Stylistically, as a book set in country Australia and written in French it did take me a while to place the French speaking characters in the same setting as the English ones. I fluctuated between thinking of them as immigrants and finally as accepting them as Australians expressed though a French mind. Ultimately, this could have played an interesting part if the French spoken was a reflection of some character trait, but in the end those who spoke in English and those who spoke and thought in French were of the same tarred brush belonging to the same sick world. I can see this book much clearer as a play because the horror would be stylised and not as close as it is in an imaginary sense and perhaps the characters would be more fleshed out and in their physicality could in some way make up for their astringent and often inhuman actions.


Michel Houellebecq

Paris, 2001

I had heard quite a lot about Houellebecq before I picked Plateforme off my local Alliance Française library book shelf, but I honestly had no idea what to expect. With the topical publication of Soumission in January of 2015 I had imagined a writer very much on point and in touch with the social and political climate of a Paris steeped in the 21st Century. Whilst I was not immediately disappointed, I was somewhat dismayed at what was purported to be a great insight into the human condition. Plateforme was published in 2001 so I can quite frankly believe that its influence was much more important then, than it is now. However, all good books are in their essence, if not their production, timeless and I have failed to recognise how Plateforme could belong to this milieu.

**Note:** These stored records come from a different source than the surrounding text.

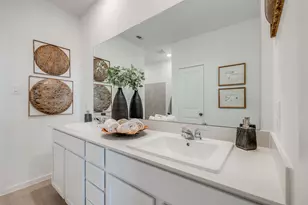 511 Robin St, Angleton, TX 77515 - Photo 17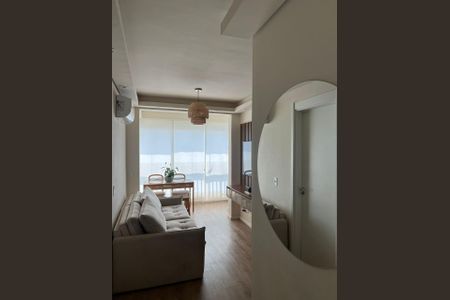 Apartamento à venda com 38m², 1 quarto e 1 vaga Apartamento à venda com 38m², 1 quarto e 1 vagaSala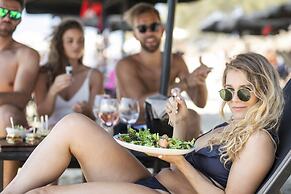 Athina Studios & Suites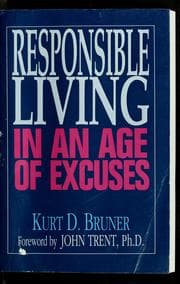 Tapa de Responsible living in an age of excuses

Not that anyone is presenting it as such; I am however of the mind to take Plateforme as emblematic of some sense of Houellebecq as a writer and in doing so, am  have exposed myself ass lightly less than enamoured.

The writing in Plateforme is exceptionally self-conscious, I was initially thrilled to see a certain cat and mouse scenario unfolding; one where we know not whether the narrator is Houellebecq himself, and thus imminently vile or whether he is nothing but a satirical figure created by Houellebcq to entangle us in a wonderful social irony. Perhaps it is because I decided that the former is the most plausible explanation that I do not consequently hold the book in much esteem. I can’t say that I really relish the image of flaccid masturbation as a great read. However, in amongst the pubescent portrayals of two dimensional sexual vessels, there was the odd glimpse of pure humanity in his work. This in itself is something that I prize as greatly becoming in a writer and is perhaps in itself enough to make up for any former disappointments:

 Curieusement, et sans l’avoir le moins du monde mérité, j’avais eu une seconde chance. C’est très rare, dans la vie, d’avoir une seconde chance; c’est contraire à toutes les lois.

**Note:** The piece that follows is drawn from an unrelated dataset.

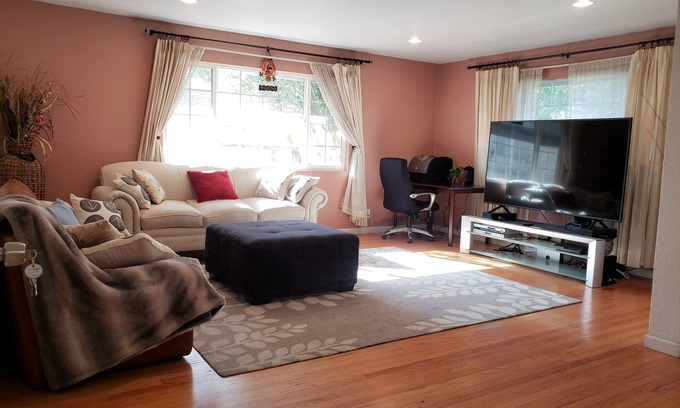 Florin Casa | Large 6 Bedrooms 2 Baths Home On a Huge Lot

It is at this point where the self-absorption which has been so vocal throughout the whole book is exposed to be incredibly insightful. The narrator is saying what we have all been thinking, and his ability to do so, after such a long time, is astounding and even endearing. Perhaps all is not lost and there is hope for us yet, or else Houellebecq is in the process of laying together another pastiche of irony; this time made up directly in our own image.